Sunday, January 20, 2008

Sejarah Batik Gagrak Surakarta

Motif/corak bathik gagrak Surakarta tercipta karena ada maksud dan pesan yang filosofis serta makna ajaran atau tuntunan dan juga menjadi ciri dari golongan strata masyarakat yang menggunakannya.

Corak Bathik gagrak Surakarta pada umumnya berbeda dengan corak daerah lain, baik dari segi gambar, ornamen maupun warnanya yang relatif gelap. Bathik gagrak Surakarta berkaitan dengan Makna, Motif dan Masa Berkembangnya. Setiap motif & warna bathik Surakarta mengandung pesan filisofi, ajaran dan kedudukan (strata sosial) bagi penggunanya.

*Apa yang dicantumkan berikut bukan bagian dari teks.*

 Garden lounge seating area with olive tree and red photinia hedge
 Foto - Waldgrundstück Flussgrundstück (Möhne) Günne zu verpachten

Batik gagrak sangat erat kaitannya dengan perjanjian Giyanti yang diadakan didesa Giyanti pada tahun 1755 masehi. Dalam perundingan tersebut menghasilkan kesepakatan, bahwa wilayah Mataram dibagi menjadi dua.
  • Sebagian menjadi wilayah Mataram Surakarta Hadiningrat dibawah kepemimpinan Sampeyandalem Ingkang Sinuhun Kangjeng Susuhunan Senopati Ing Ngalaga Abdurrahman Sayidin Panatagama Pakoe Boewono Kaping III (PB.III).
  • Sebagian lagi menjadi wilayah Mataram Ngayogjakarta Hadiningrat yang dipimpin oleh Ngarsadalem Ingkang Sinuhun Kangjeng Sultan Hamengku Boewono Senopati Ing Ngalaga Kalifatullah Abdurrahman Sayidin Panatagama (KP. Mangkubumi yang juga paman dari PB III).
Dari perpecahan wilayah tersebut, kemudian berkelanjutan pada pembagiaan harta kerajaan yang berupa pusaka, gamelan, kereta tunggangan dan tandu/joli/kremun dibagi menjadi 2 bagian namun busana keraton Mataram seutuhnya diboyong oleh KP. Mangkubumi ke Jogyakarta. Mengingat sebelum perpecahan dan PB.III belum menjadi Raja, PB. II (ayah dari PB.III) pernah mewasiatkan kepada PB. III. “mbesok manawa pamanmu Mangkubumi hangersakake ageman, paringno” artinya 'apabila kelak pamanmu Mangkubumi menghendaki busana, berikan saja'.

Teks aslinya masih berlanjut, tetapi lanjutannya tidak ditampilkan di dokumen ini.